EXERCISE DETAILS.
From the material below, retype exactly the lines that begin at the line with "tシャツ レースキャミ ドッキングTシャツ/レイヤードデザインTシャツ レディースの画像" and end after the line with "TEXTURED PEARL HOOPS"; pictures stay out of the copy.

DATASET RECORDS.
◆ ◆ ◆ ◆

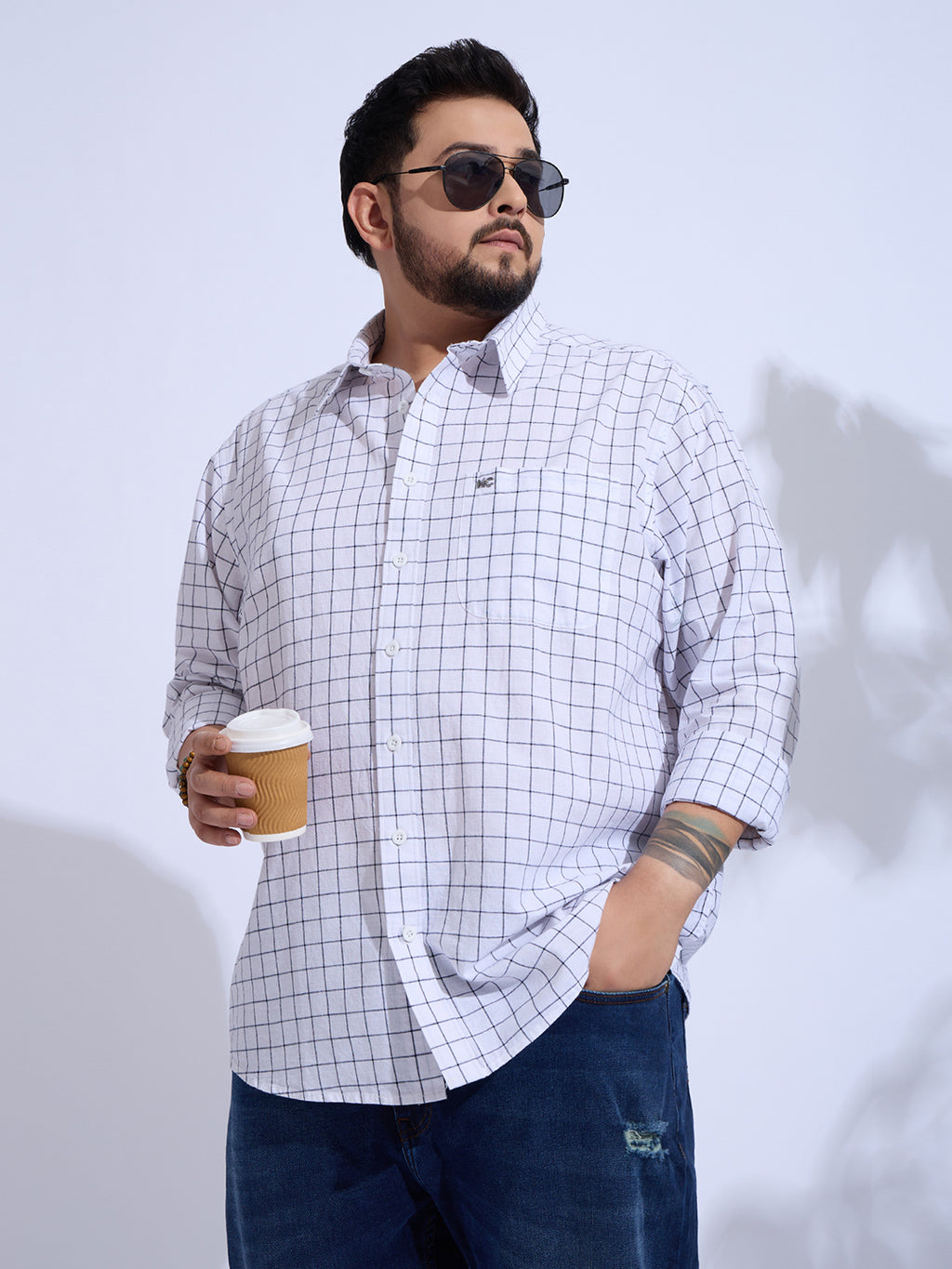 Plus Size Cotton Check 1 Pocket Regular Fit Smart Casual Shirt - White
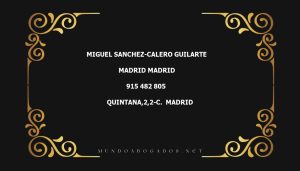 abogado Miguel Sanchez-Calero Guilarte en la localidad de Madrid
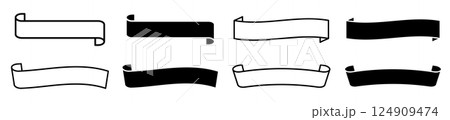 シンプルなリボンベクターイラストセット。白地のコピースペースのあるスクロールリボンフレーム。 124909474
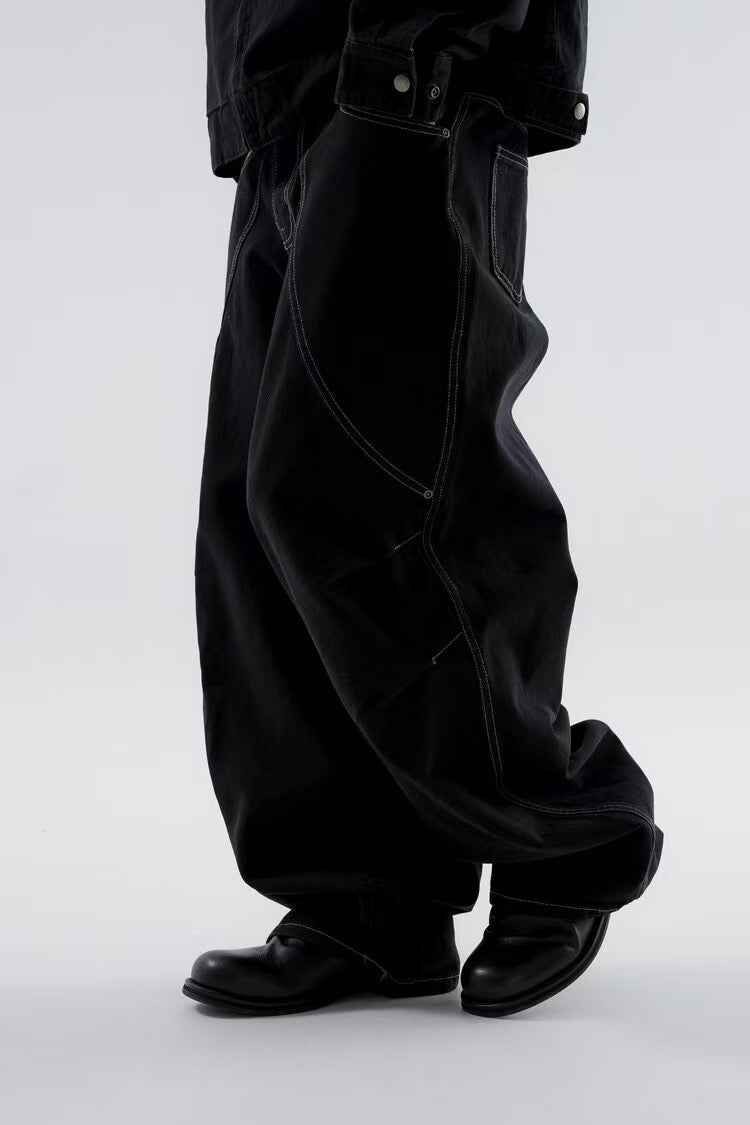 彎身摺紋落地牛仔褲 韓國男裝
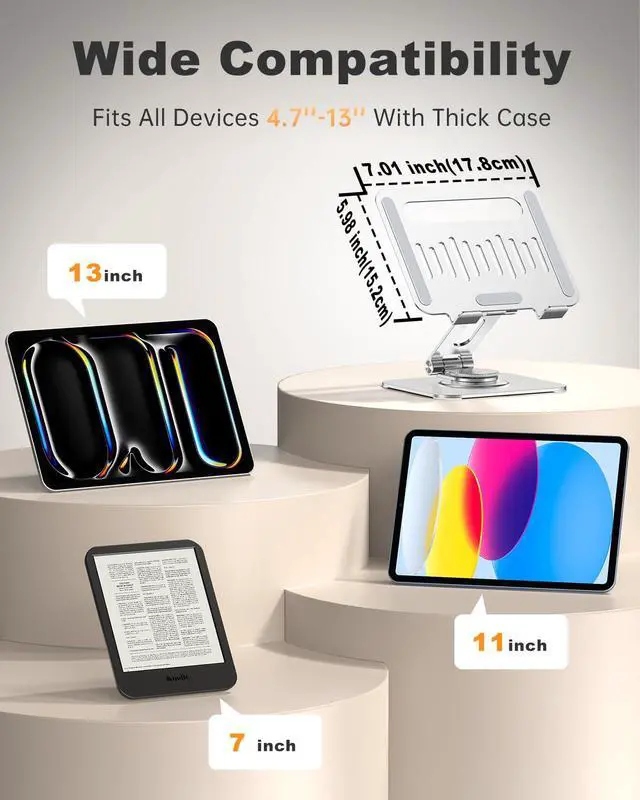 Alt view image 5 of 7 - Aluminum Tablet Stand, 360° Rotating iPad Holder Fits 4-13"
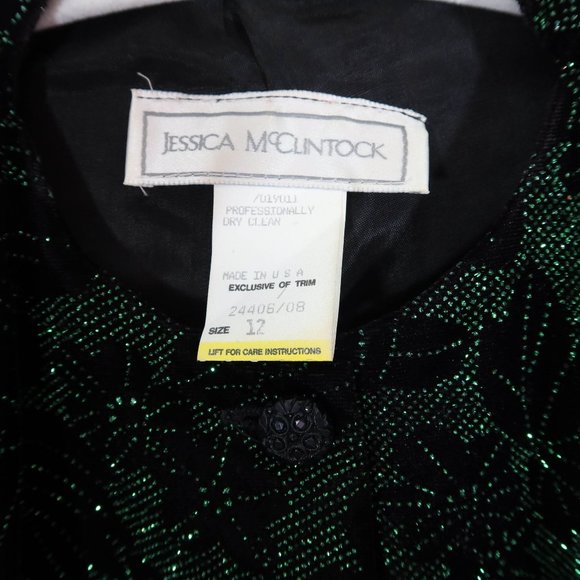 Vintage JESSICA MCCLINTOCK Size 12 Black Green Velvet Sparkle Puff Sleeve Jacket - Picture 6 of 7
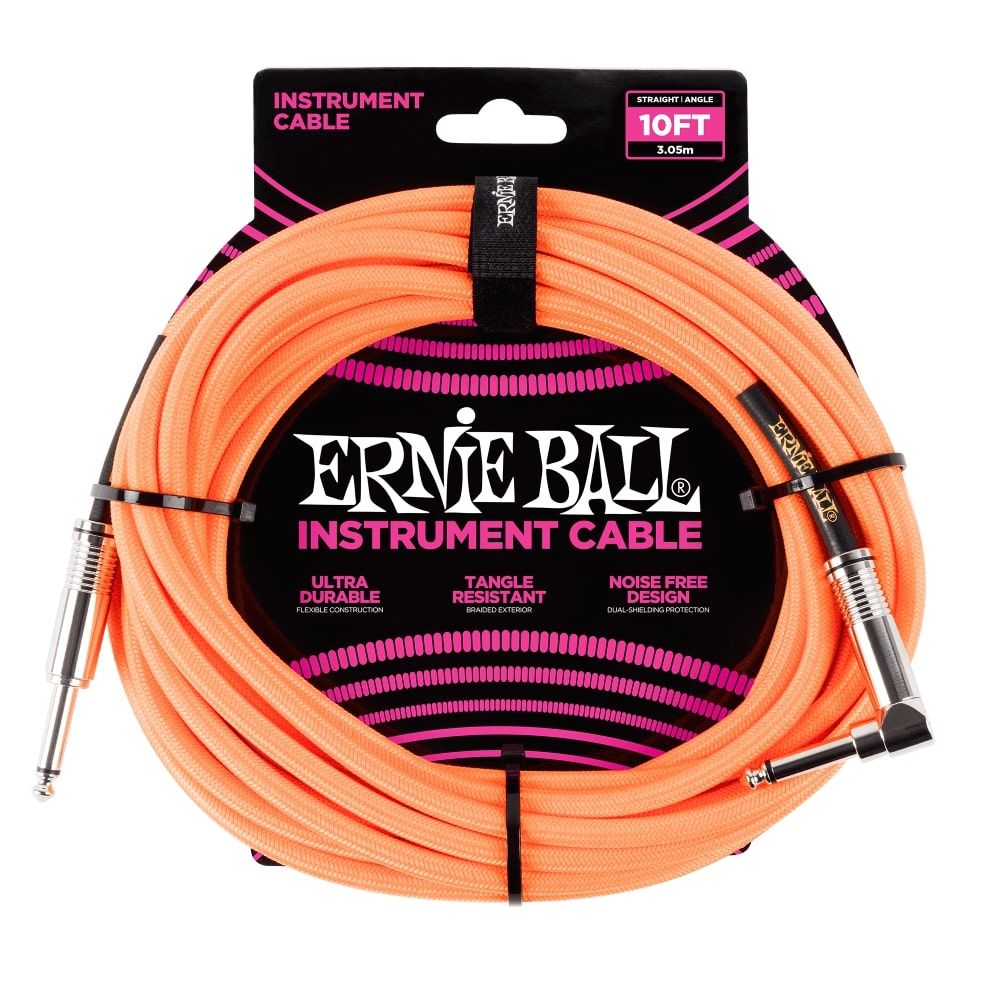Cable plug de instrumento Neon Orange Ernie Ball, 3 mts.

◆ ◆ ◆ ◆

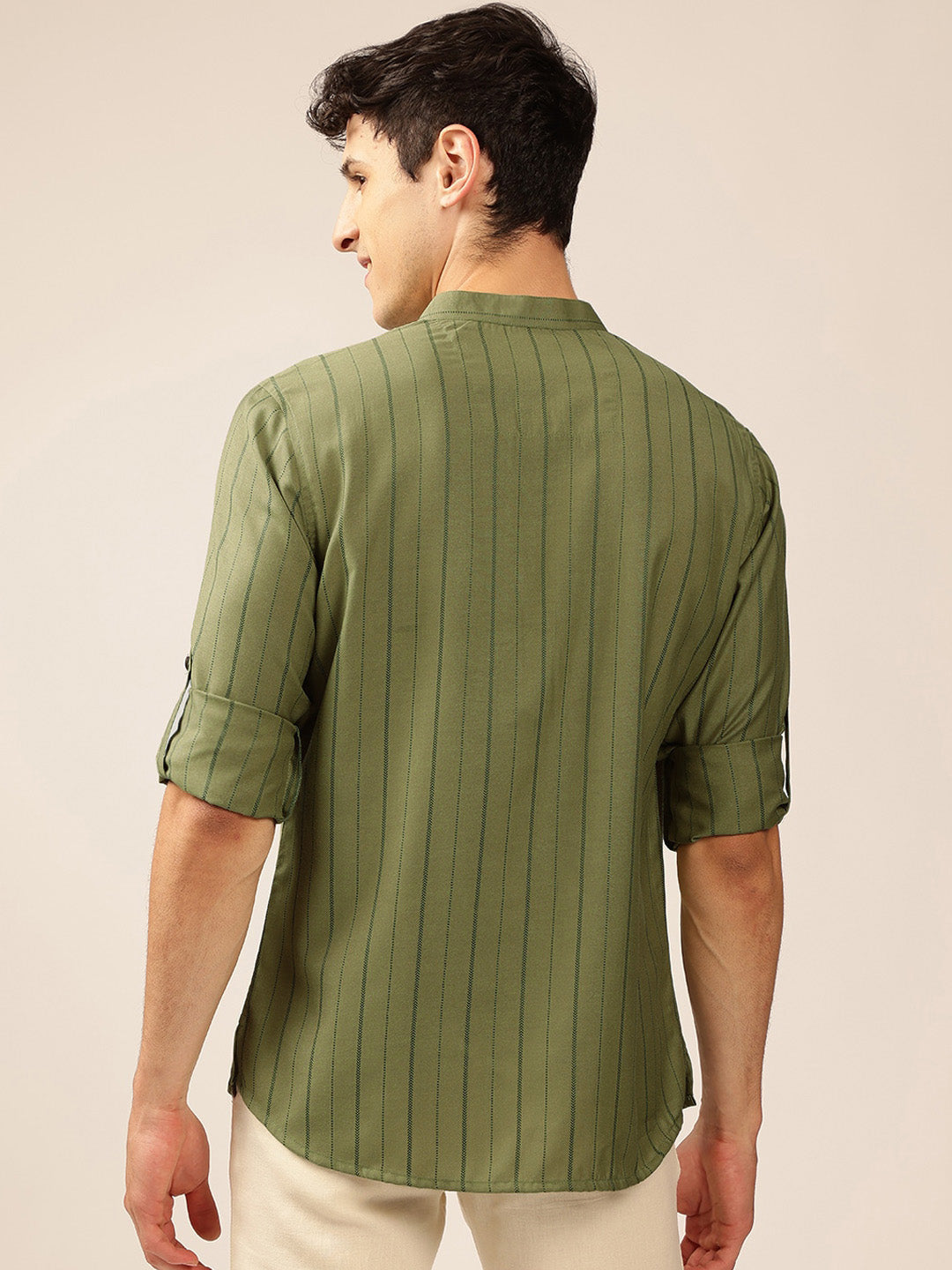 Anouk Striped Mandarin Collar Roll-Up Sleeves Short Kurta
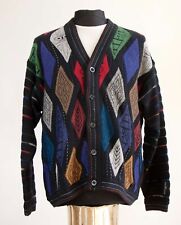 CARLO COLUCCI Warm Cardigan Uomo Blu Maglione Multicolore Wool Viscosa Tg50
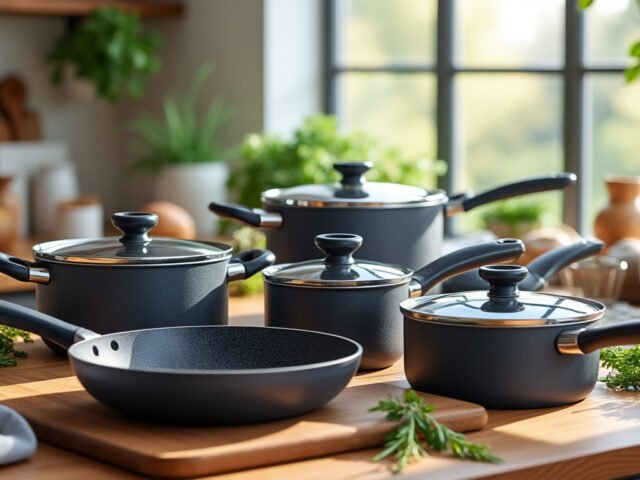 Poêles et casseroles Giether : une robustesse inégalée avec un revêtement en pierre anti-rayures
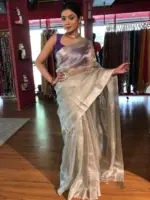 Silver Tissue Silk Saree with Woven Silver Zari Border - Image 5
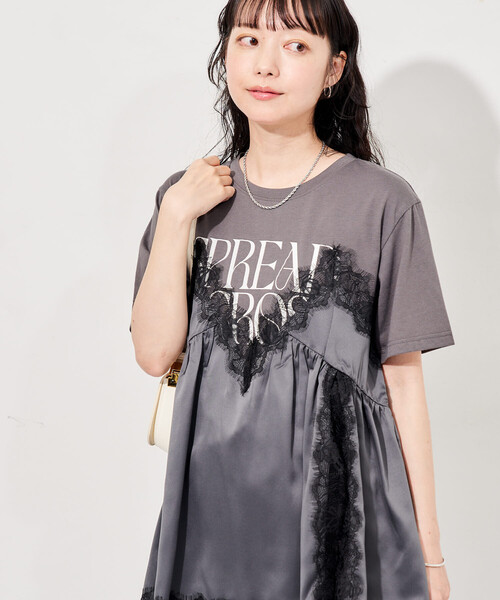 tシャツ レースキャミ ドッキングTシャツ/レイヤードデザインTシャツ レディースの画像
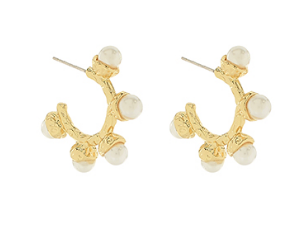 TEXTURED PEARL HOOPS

◆ ◆ ◆ ◆

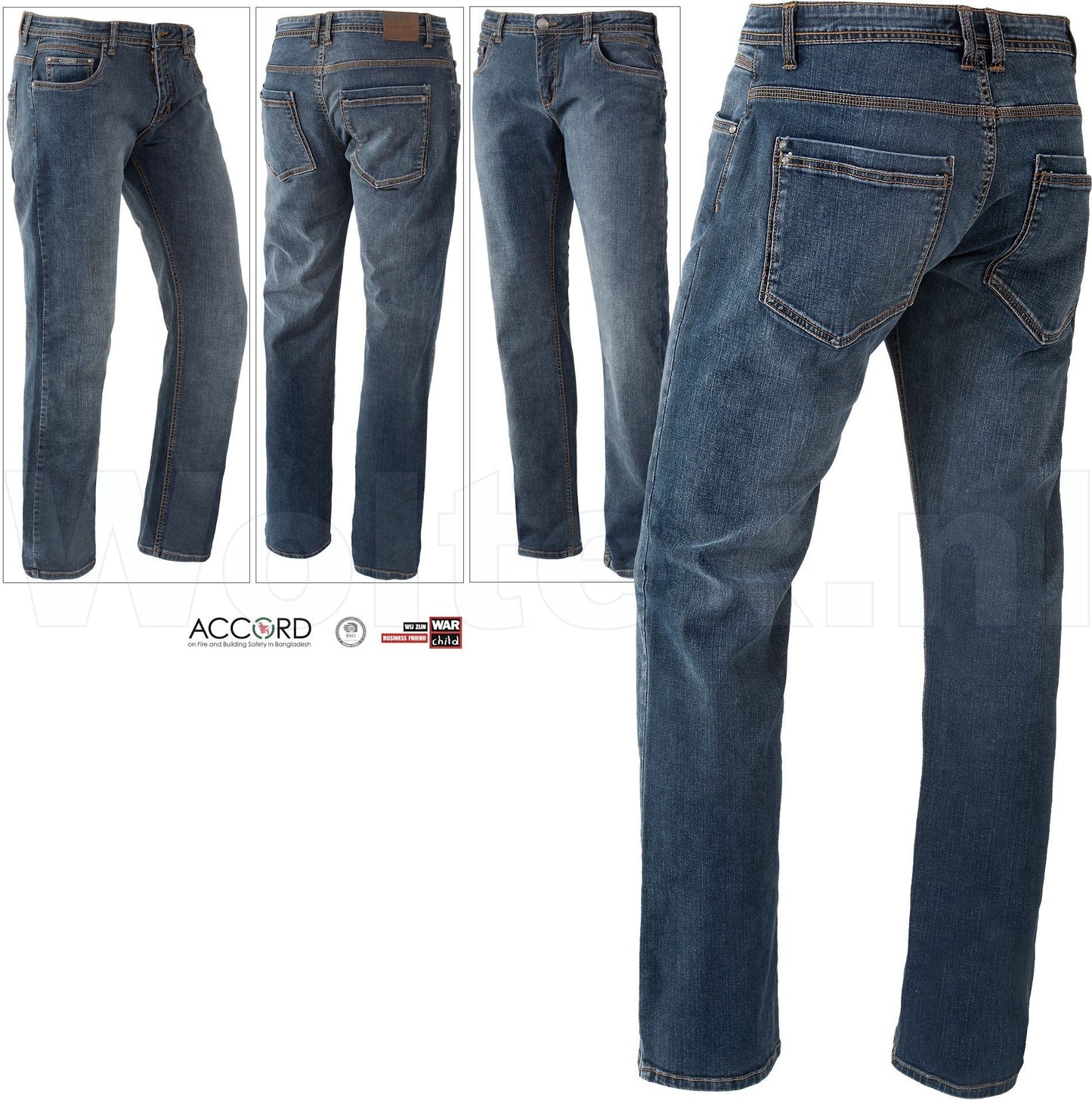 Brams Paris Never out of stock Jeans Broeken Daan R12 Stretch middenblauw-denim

◆ ◆ ◆ ◆

TASK SOLUTION.
 tシャツ レースキャミ ドッキングTシャツ/レイヤードデザインTシャツ レディースの画像
 TEXTURED PEARL HOOPS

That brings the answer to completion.